- [TASK DETAILS]
Please repeat word for word the line containing "Kia Ceed 1.4" and every following line up to and including the last one below, pictures excluded.

- [SUPPLIED DATA]
---*---

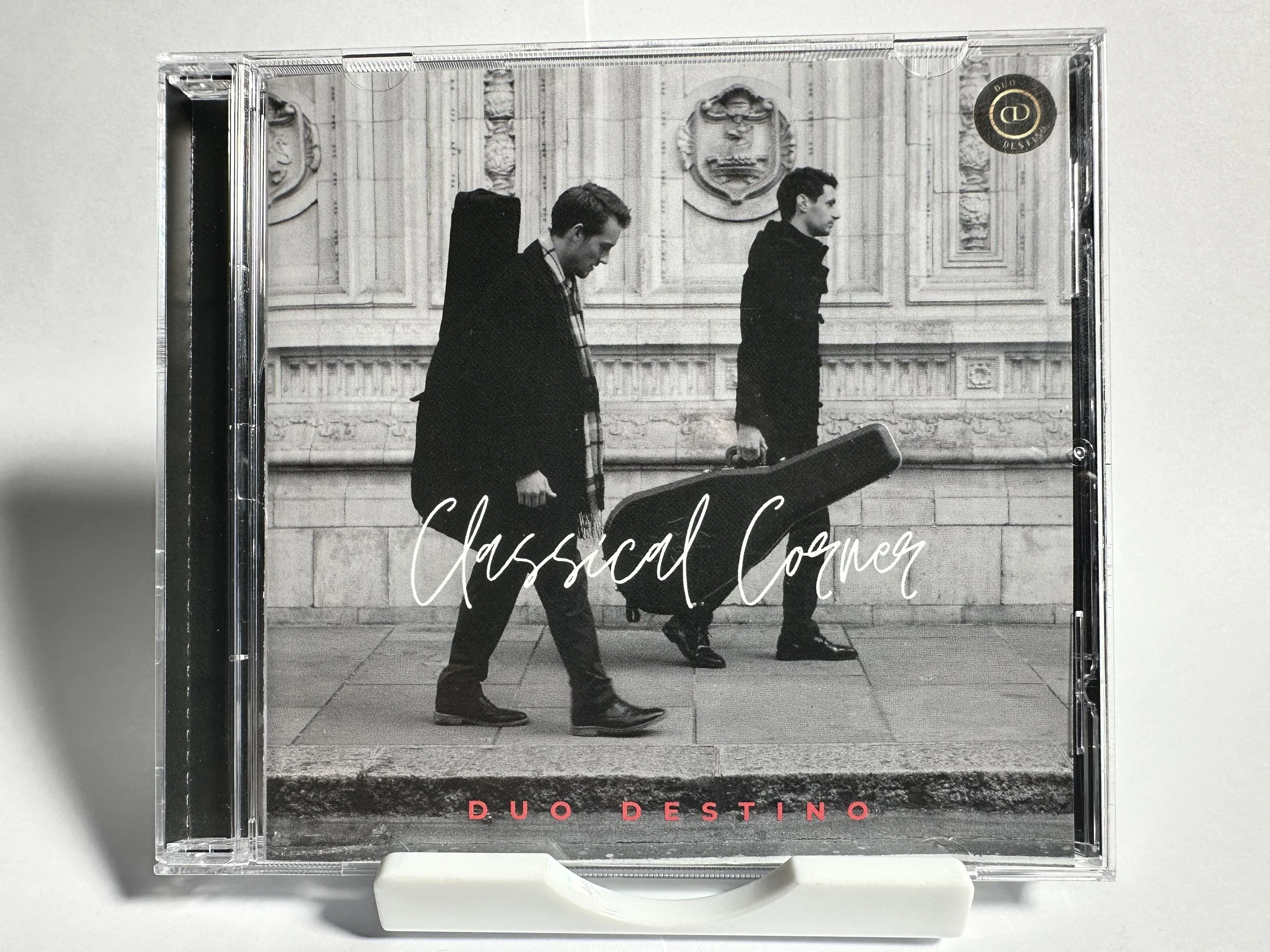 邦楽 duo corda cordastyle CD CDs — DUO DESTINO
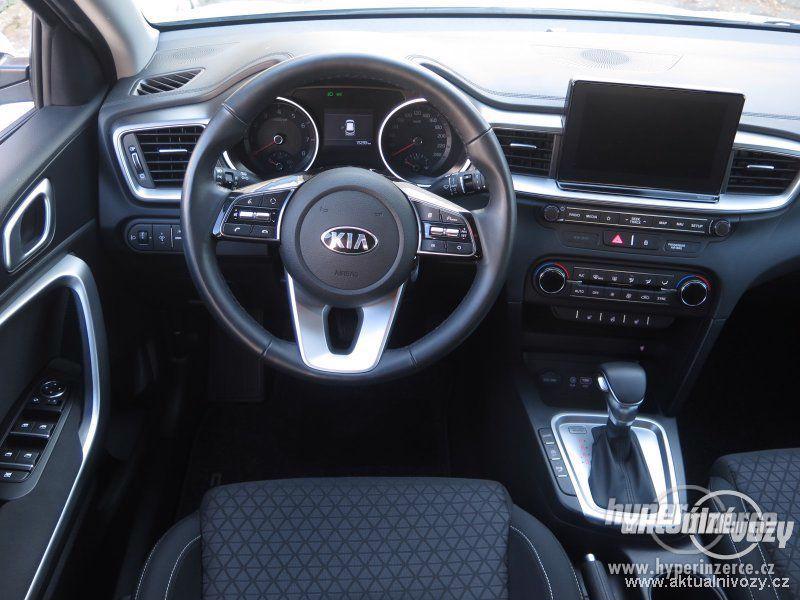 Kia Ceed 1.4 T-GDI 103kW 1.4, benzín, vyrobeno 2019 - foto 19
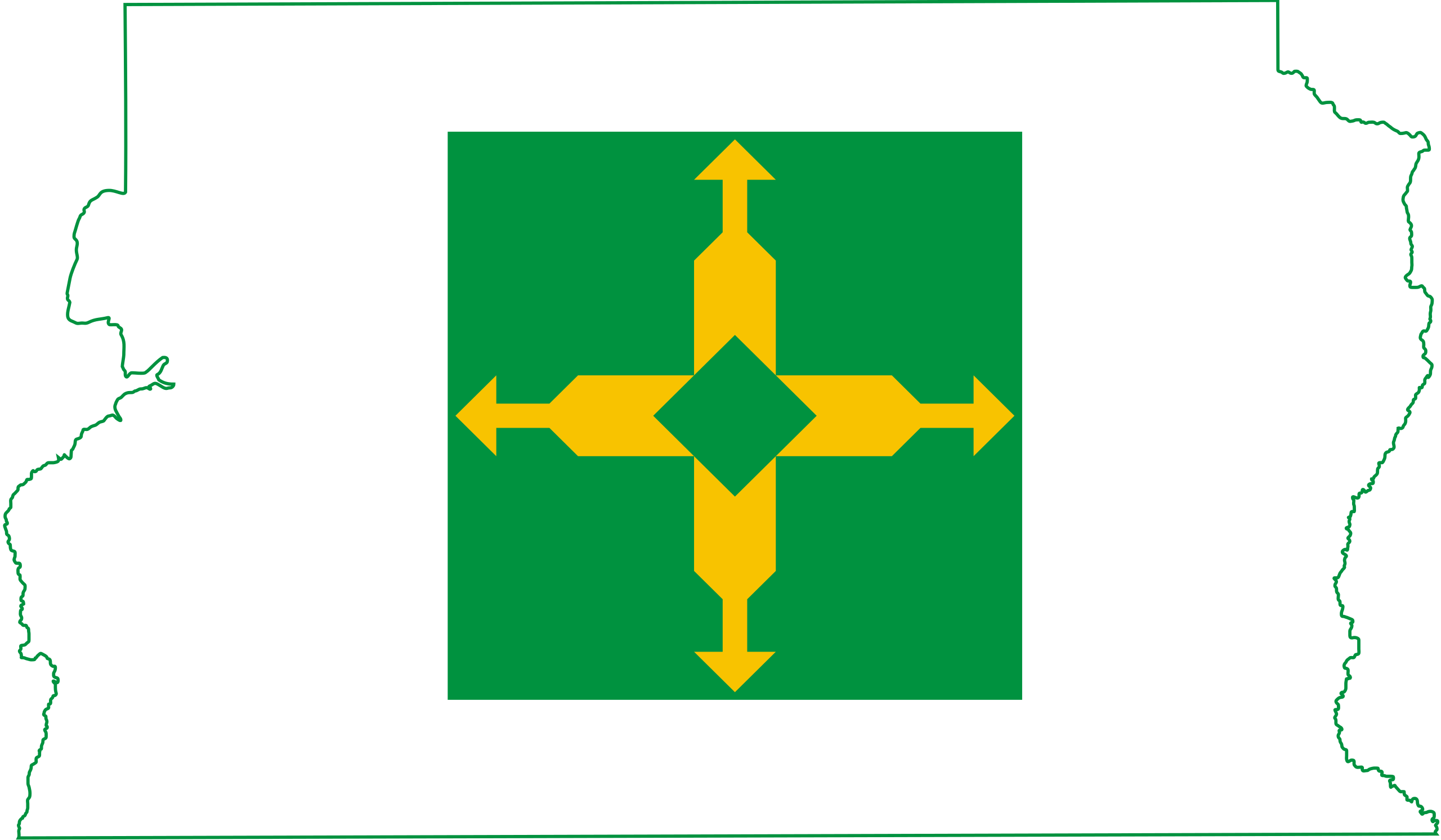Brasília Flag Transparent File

---*---

- [FINISHED TASK]
 Kia Ceed 1.4 T-GDI 103kW 1.4, benzín, vyrobeno 2019 - foto 19
Brasília Flag Transparent File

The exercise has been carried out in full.